A spokeswoman for NSW Health Minister Brad Hazzard said public health officials sent to Victoria to assist with contact tracing had interviewed more than 200 COVID-19 positive patients over the past five days.
A further 800 close contacts of those cases will be interviewed by the end of the week.
Victorian public health officials were tracing 5000 contacts earlier this week, a figure which was already nearing capacity before the most recent cases were detected.
For every active case, the known contacts increase in by between seven and nine.
There is no published data on the public health workforce numbers across the states, but one of the two officials who spoke to The Australian described the Victorian experience as one that would be “subject to strain in a pandemic”.
While health experts acknowledged that poor luck had played some role in the Victorian experience, they were quick to point out the state was less prepared to deal with this misfortune.
While NSW had been rocked by the Ruby Princess debacle, the inherent strength of the health department had meant the initial mistake was not compounded.
Another key contributor identified was the mismanagement of hotel quarantine arrangements, which has sparked a judicial inquiry into potential protocol breakdowns caused by hotel operators, private contractors and government agencies. Security guards monitoring were responsible for a number of localised outbreaks.
Large family gatherings were also believed to have been responsible for outbreaks, which, when combined with those caused by the security operators, have led to large pockets of transmission.
But epidemiologists warn that a fast and comprehensive contact tracing regimen is the only chance to effectively contain the virus.
“Unfortunately, because we don’t have a widespread available treatment including a vaccine, the only path forward is physical distancing and case detection,” Australian National University infectious diseases physician Sanjaya Senanayake said.
“It’s still important that 100 per cent of contacts are found in a short period of time, otherwise undetected contacts will have contracted the infection and you’ll never stop the outbreak,” Dr Senanayake told The Australian.
Curtin University infectious disease epidemiologist Archie Clements said Mr Andrew’s concerns over the state’s contact tracing capacity were justified. “I‘d be concerned if our outbreak numbers got ahead of contact tracing capacity, because that’s the point when you lose control.
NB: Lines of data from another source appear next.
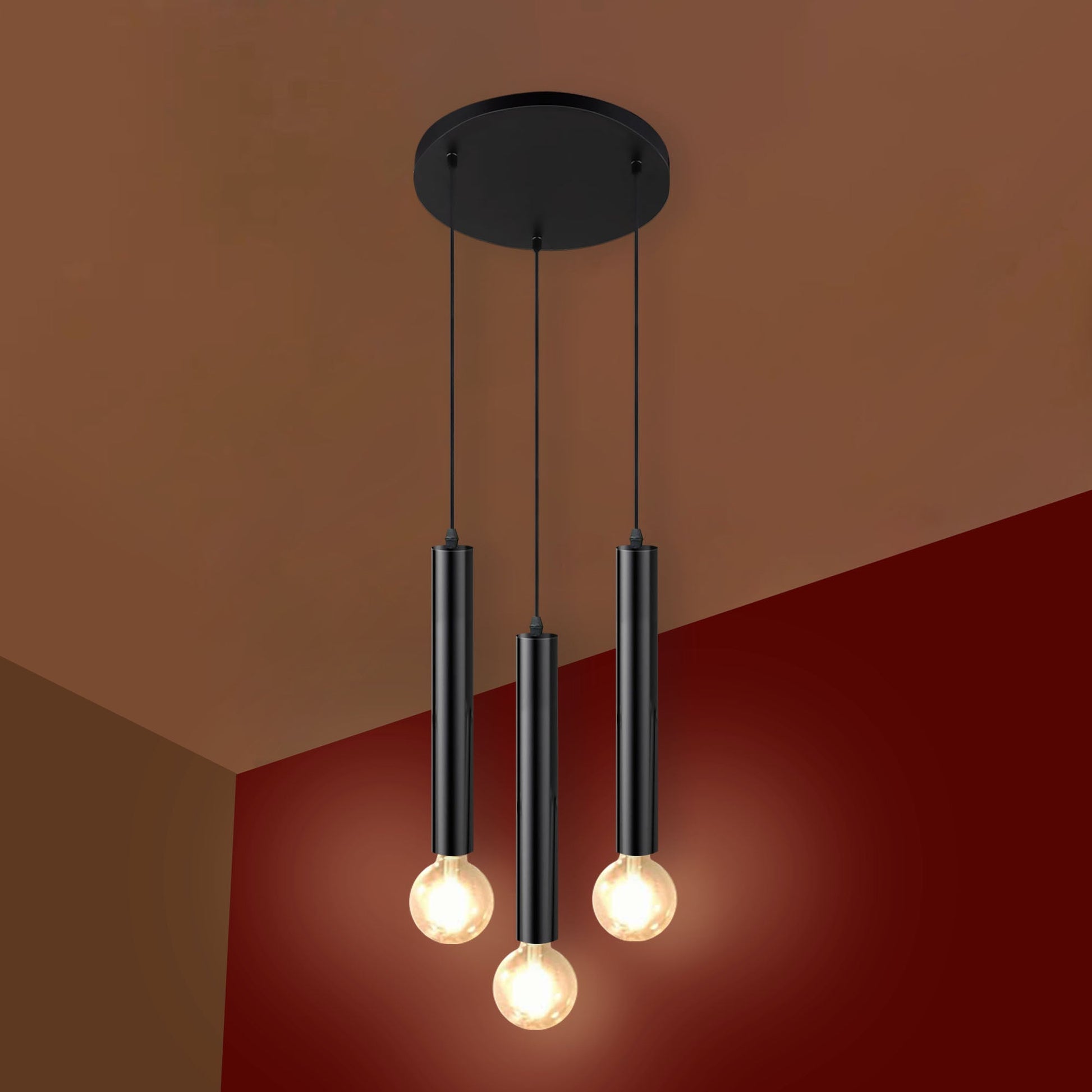 Pendant Ceiling Light Set of 3 Modern Look Ceiling Lamp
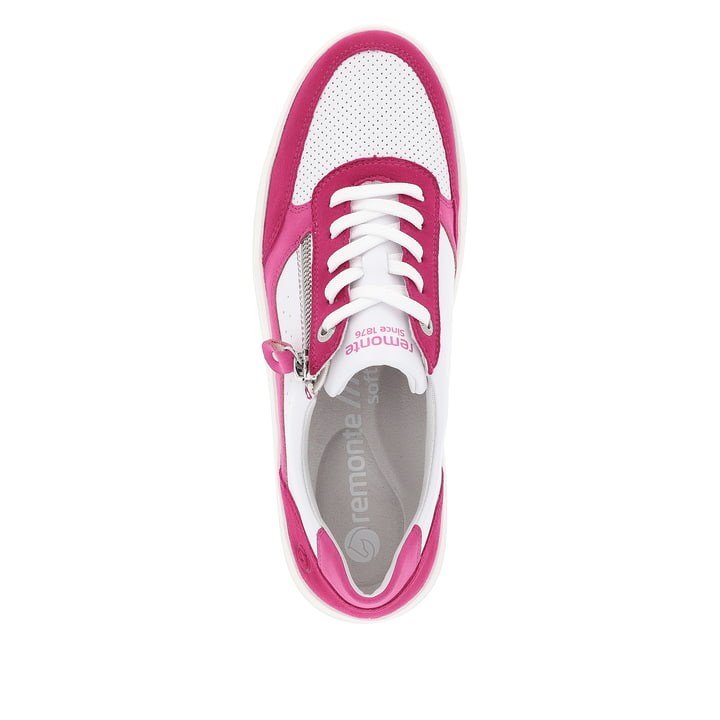 Remonte Artikelnummer D1C00-81 Remonte Damen Sneaker Fuchsia-schneeweiß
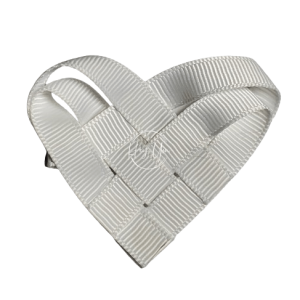White Heart Clip
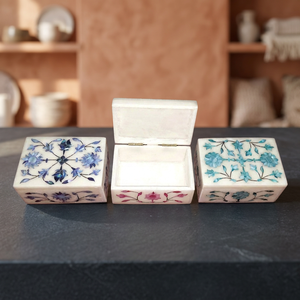 Stonecrafts International Best Quality Luxury Blue Mother Pearl Jewelry Packaging <b>Box</b> for Valentine's Day Storage Decoration - Product Image 2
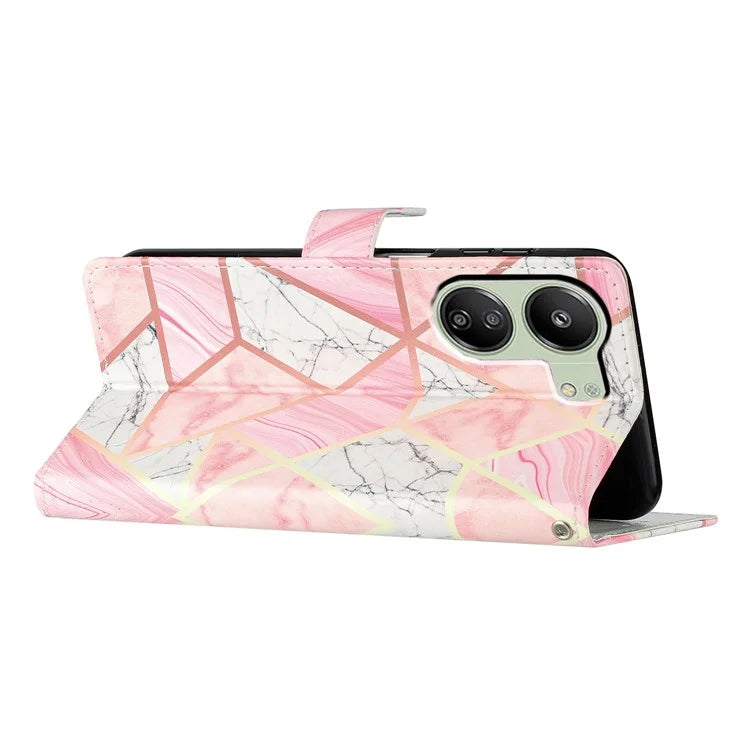 For Xiaomi Redmi 13C 4G / Poco C65 4G Leather Case with Card Pocket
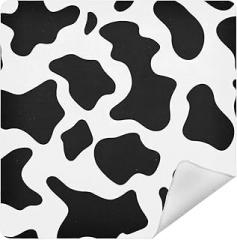 Cow Style Black White Camera Protective Wrap, Anti-scratch Lens Protector Wrapper, Magic Self-Adhesive Cloth for Cameras/DSLR/Laptop/Electronic Accessories, S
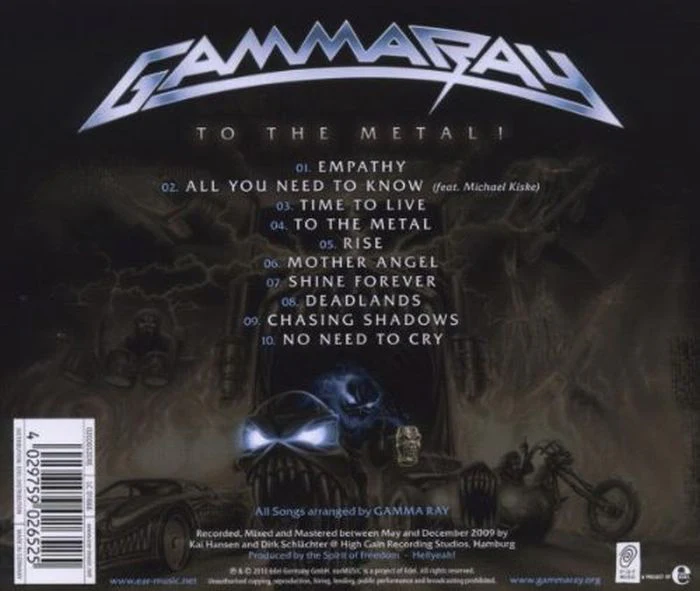 Gamma Ray - To The Metal! - CD - New - Image 2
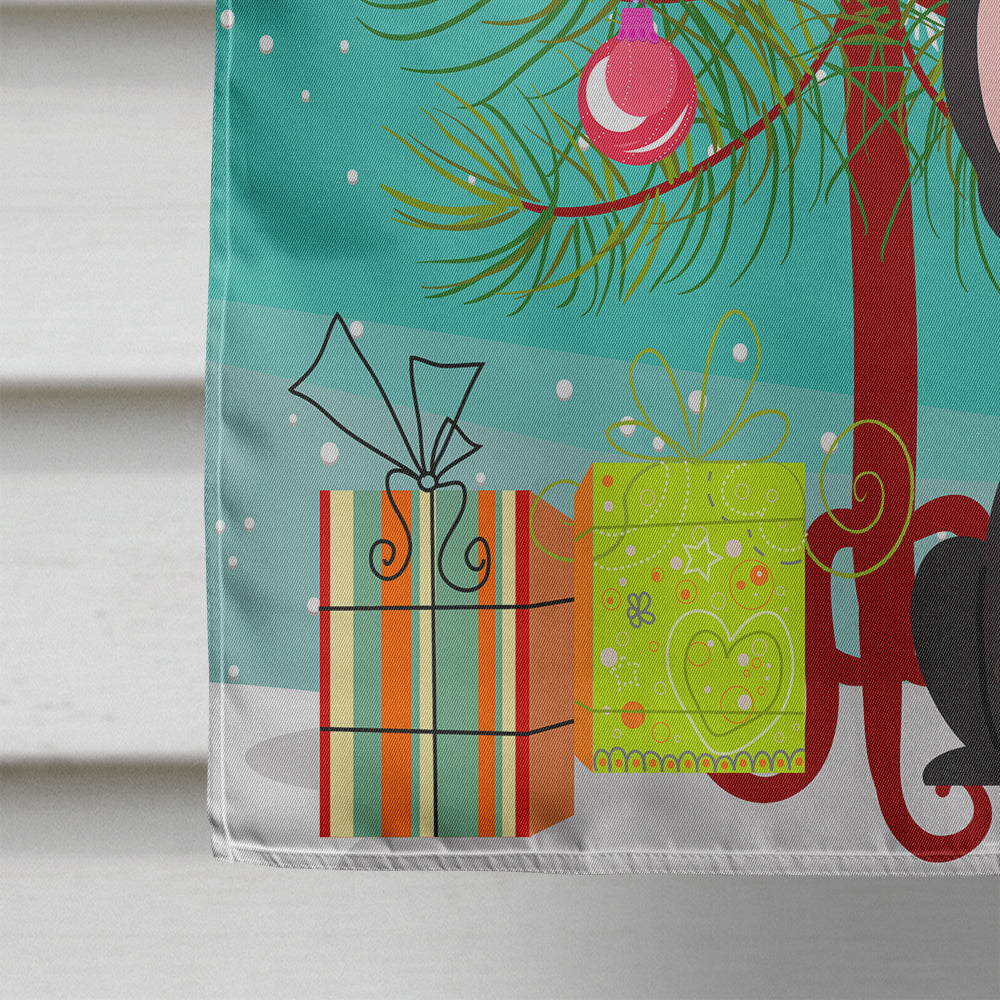 Merry Christmas Tree French Bulldog Brindle House Flag 28x40 Porch Sleeve Pole Decorative Outside Yard Banner Artwork Wall Hanging, Polyester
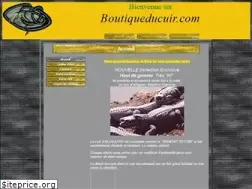 Sites similar to boutiqueducuir.com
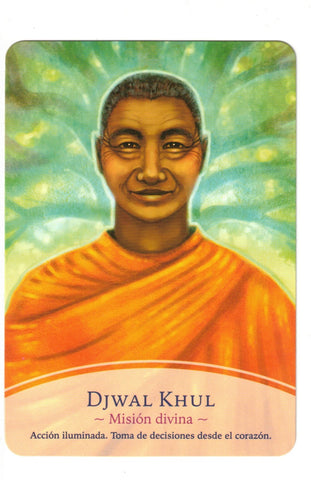 MAESTROS DIVINOS, LOS. ORACULO (LIBRO Y CARTAS)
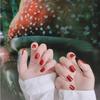 Fake Nails, Short Round, No Glue, 24 Pieces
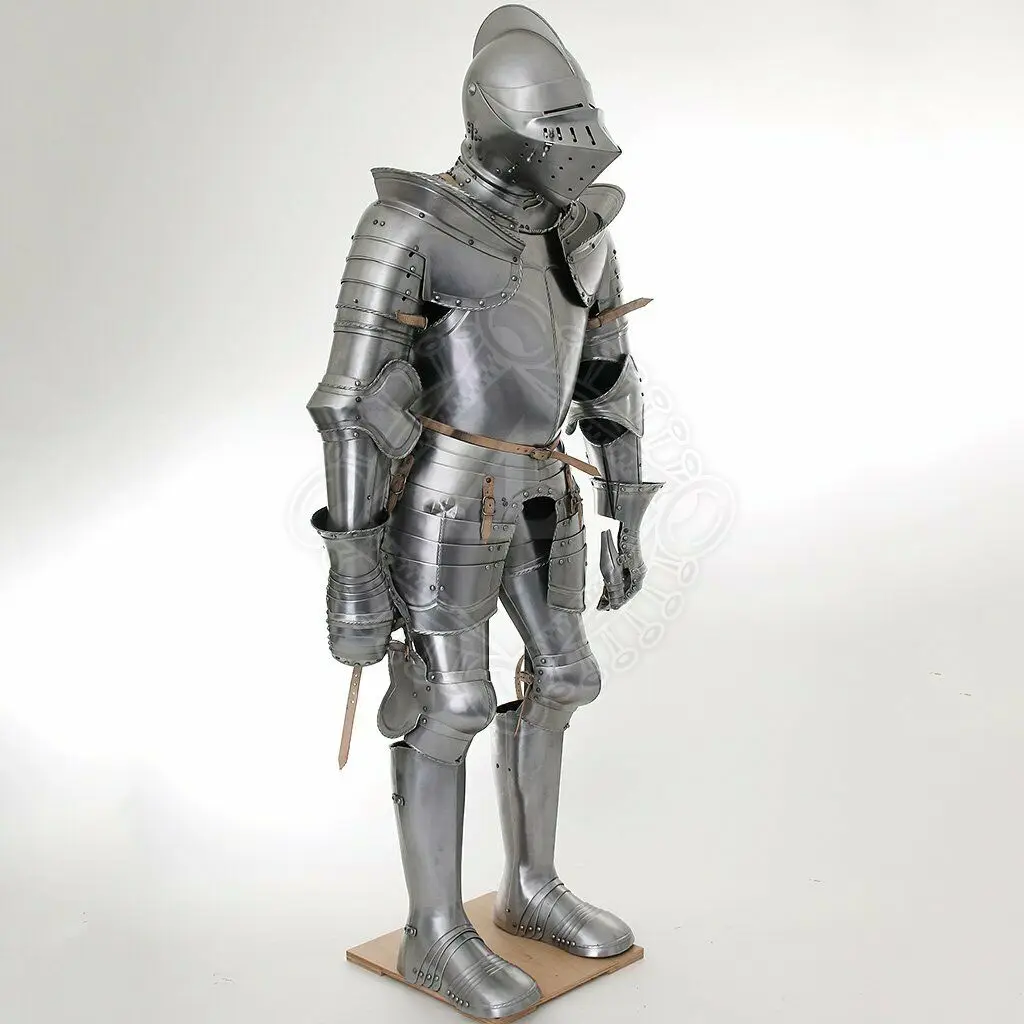 Medieval Templar Medieval Wearable Knight Combat Armor Full Suit With Stand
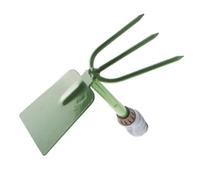 Hohopeti Houe de Jardin Multifonction à Double Face, Acier Inoxydable Épais, Manche Antidérapant, Outil de Jardinage Manuel pour Plantation et Désherbage, Usage Extérieur Polyvalent, Outil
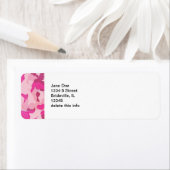 Rosa Camouflage Mailing-Etikettenblätter (Insitu)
“Until now we’ve been in control. In fact, the ability to do good contact tracing and to effectively isolate cases has been the key to Australia’s success in containing the virus in comparison to other countries. But if that capacity is exceeded and we do lose control, you just can’t get back on top of things.’’
Professor Clements warned that while geographical lockdowns were important in containment, without comprehensive contact tracing, “you are left with not knowing where the virus actually is”. “We don’t want to lose our privileged position where we basically know where all our cases are,” he said.
Both Dr Senanayake and Professor Clements said Mr Andrews needed to throw more resources at tracing the infections. “Basic contact tracing doesn’t require a high degree of skill, so long as there are good people supervising and co-ordinating,” Dr Senanayake said.